** Opening Given records block **

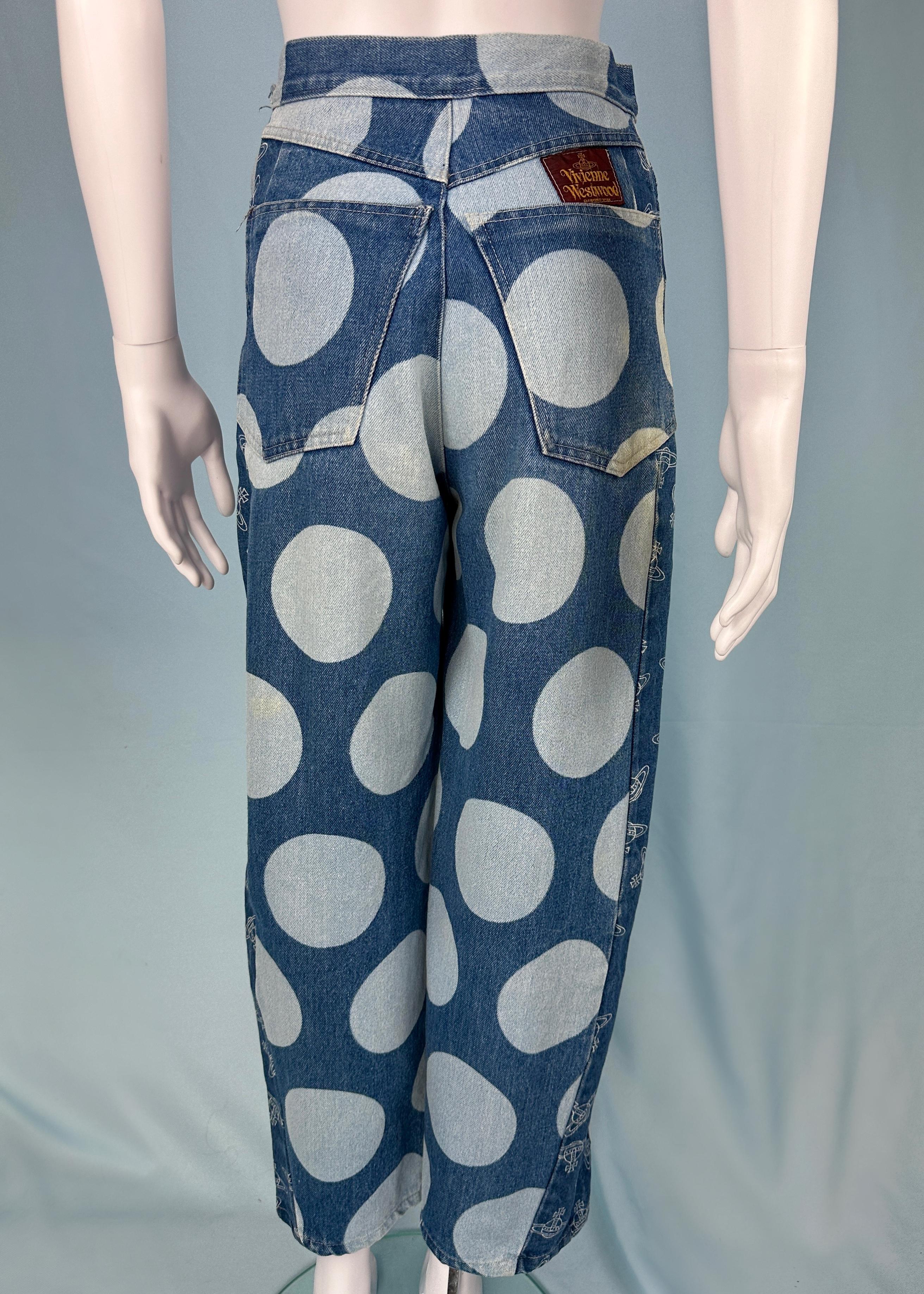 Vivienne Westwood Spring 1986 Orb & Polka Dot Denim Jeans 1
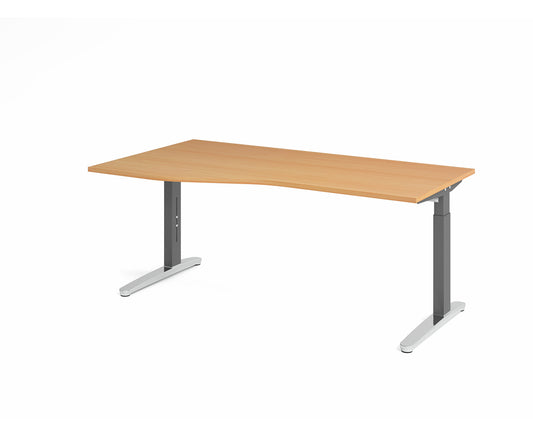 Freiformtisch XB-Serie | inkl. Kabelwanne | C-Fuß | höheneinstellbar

** Closing Given records block **
** Opening Given records block **

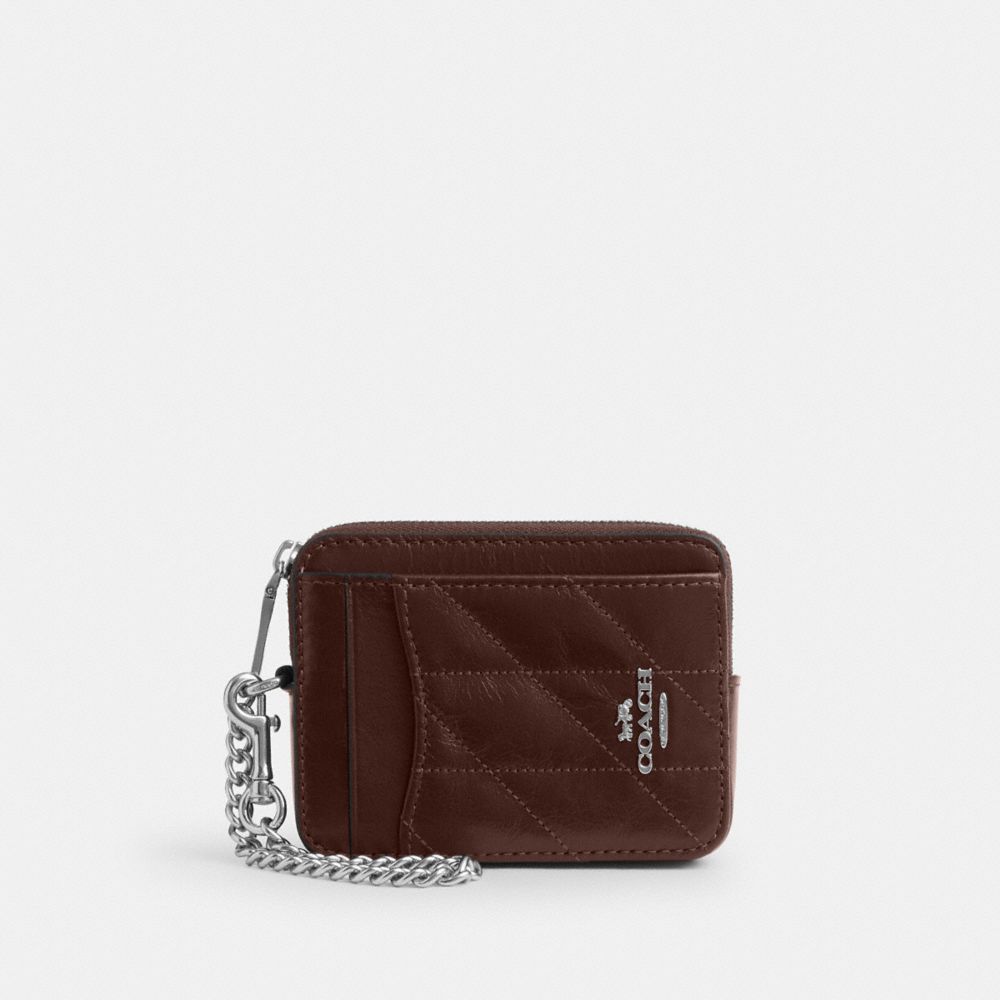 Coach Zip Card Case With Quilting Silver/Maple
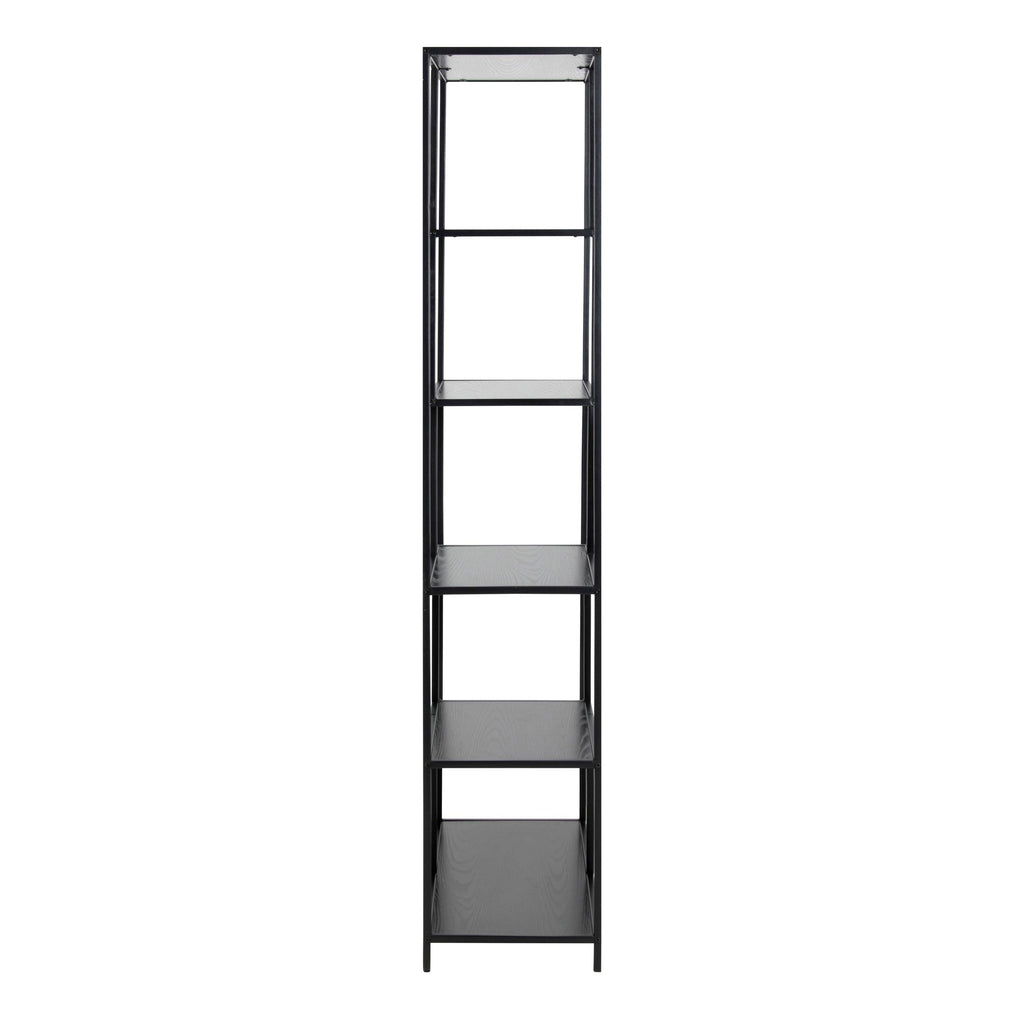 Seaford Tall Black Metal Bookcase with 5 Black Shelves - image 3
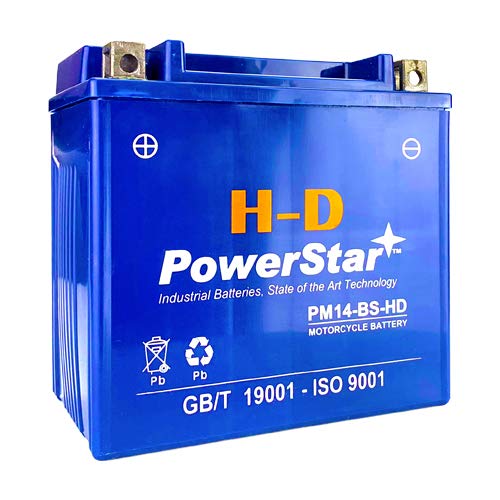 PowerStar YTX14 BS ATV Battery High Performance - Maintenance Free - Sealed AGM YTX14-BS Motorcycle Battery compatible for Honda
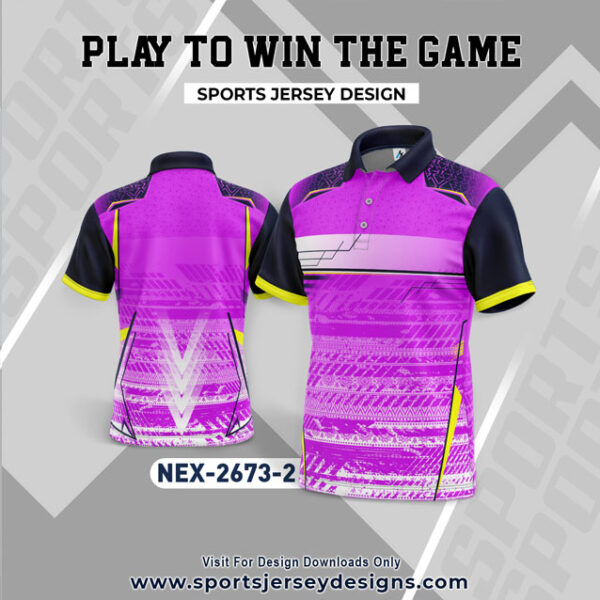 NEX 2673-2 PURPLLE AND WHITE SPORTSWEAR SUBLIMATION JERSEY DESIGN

** Closing Given records block **
** Opening Given records block **

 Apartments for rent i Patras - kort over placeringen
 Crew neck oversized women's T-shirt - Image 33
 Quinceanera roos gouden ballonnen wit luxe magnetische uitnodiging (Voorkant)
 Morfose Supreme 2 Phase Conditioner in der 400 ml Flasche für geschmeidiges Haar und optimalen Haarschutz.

** Closing Given records block **

Problem statement: Look above for the line holding "Vivienne Westwood Spring" and output everything from it down to the line holding "Freiformtisch XB-Serie |", both ends included, exactly and without images.

Answer space:
 Vivienne Westwood Spring 1986 Orb & Polka Dot Denim Jeans 1
 Freiformtisch XB-Serie | inkl. Kabelwanne | C-Fuß | höheneinstellbar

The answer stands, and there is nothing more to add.